Swiss regulator acknowledges heightened money-laundering risks in cryptocurrency area

Maria Nikolova

FINMA seeks to lower client identification threshold values in its Anti-Money Laundering Ordinance from CHF 5,000 to CHF 1,000 for transactions in cryptocurrencies.

The Swiss Financial Market Supervisory Authority (FINMA) aims to pass new rules affecting transactions in cryptocurrencies.

The new Financial Services Act FinSA and Financial Institutions Act FinIA came into force on January 1, 2020, along with the implementing ordinances – Financial Services Ordinance (FinSO), Financial Institutions Ordinance (FinIO) and Supervisory Organisations Ordinance (SOO) – passed by the Federal Council. These laws oblige FINMA to pass a number of implementing provisions pertaining to selected, mainly technical issues.

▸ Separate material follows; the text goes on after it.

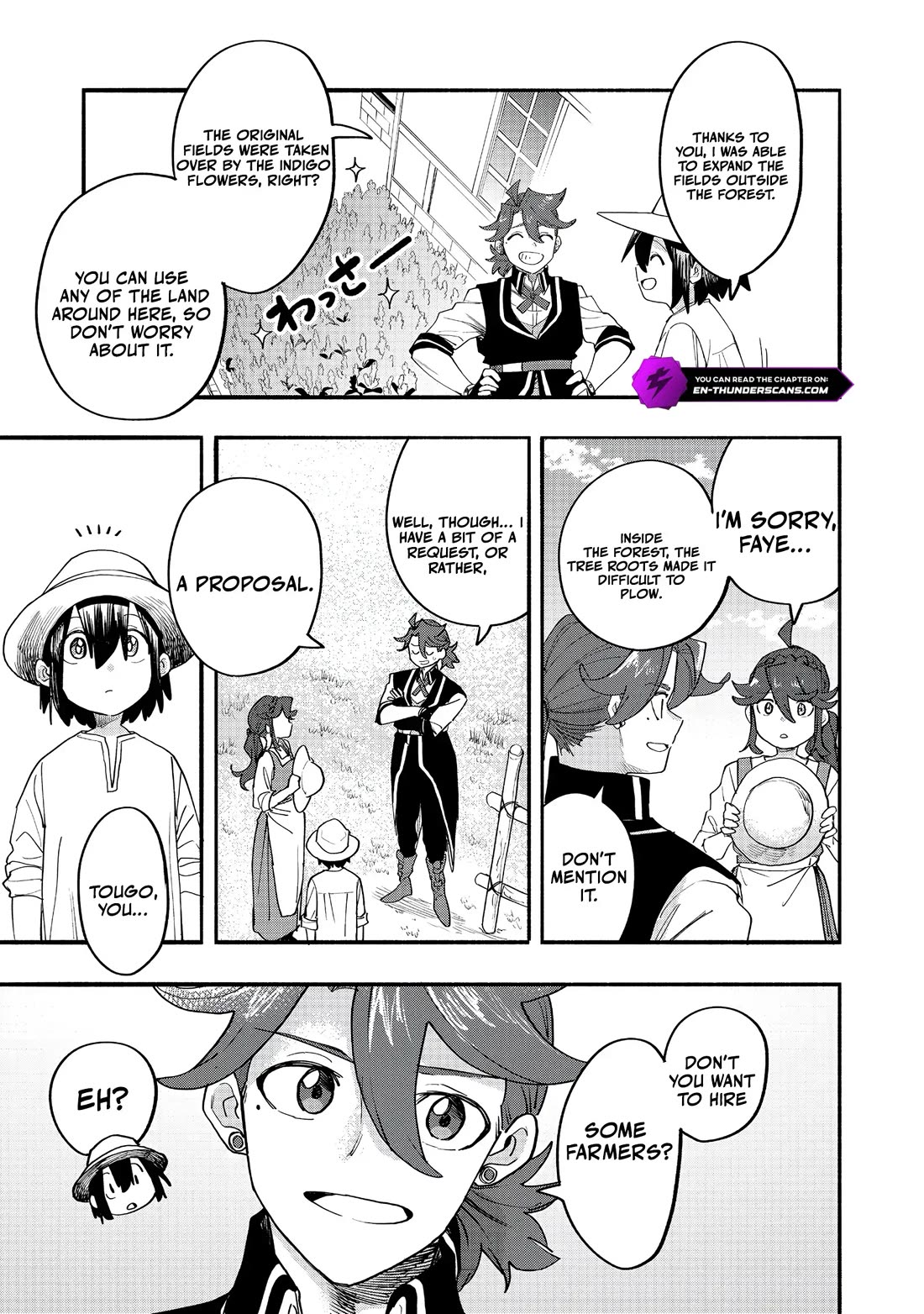 The Mochi I Drew Is Tasty Today Too chapter 47 page 11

As a result, FINMA has created a new Financial Institutions Ordinance (FinIO-FINMA) as well as amendments to current FINMA ordinances and circulars.

FINMA will hold a public consultation on the new regulations up to April 9, 2020.

In particular, the regulator seeks to lower of the threshold value for exchange transactions in cryptocurrencies. FINMA proposes amending the client identification threshold values in its Anti-Money Laundering Ordinance (AMLO-FINMA) from CHF 5,000 to CHF 1,000 for exchange transactions in cryptocurrencies.

Through these measures, FINMA is implementing the international standards approved in mid-2019 and acknowledging the heightened money-laundering risks in the cryptocurrency area.

This skeptical stance regarding cryptocurrencies seems to be in tune with recent statements made by Switzerland’s Federal Council. In Decembe 2019, Switzerland’s Federal Council approved a report examining the opportunities and risks of introducing a cryptofranc (e-franc). The Council concluded that universally accessible central bank digital currency would bring no additional benefits for Switzerland at present. Instead, it would give rise to new risks, especially with regard to financial stability. The analysis conducted for the report shows that the introduction of a central bank digital currency will result in repercussions that can be far-reaching depending on the design, and that there are better solutions for most of the areas considered. The Federal Council therefore believes that universally accessible central bank digital currency would not bring any additional benefits at the moment.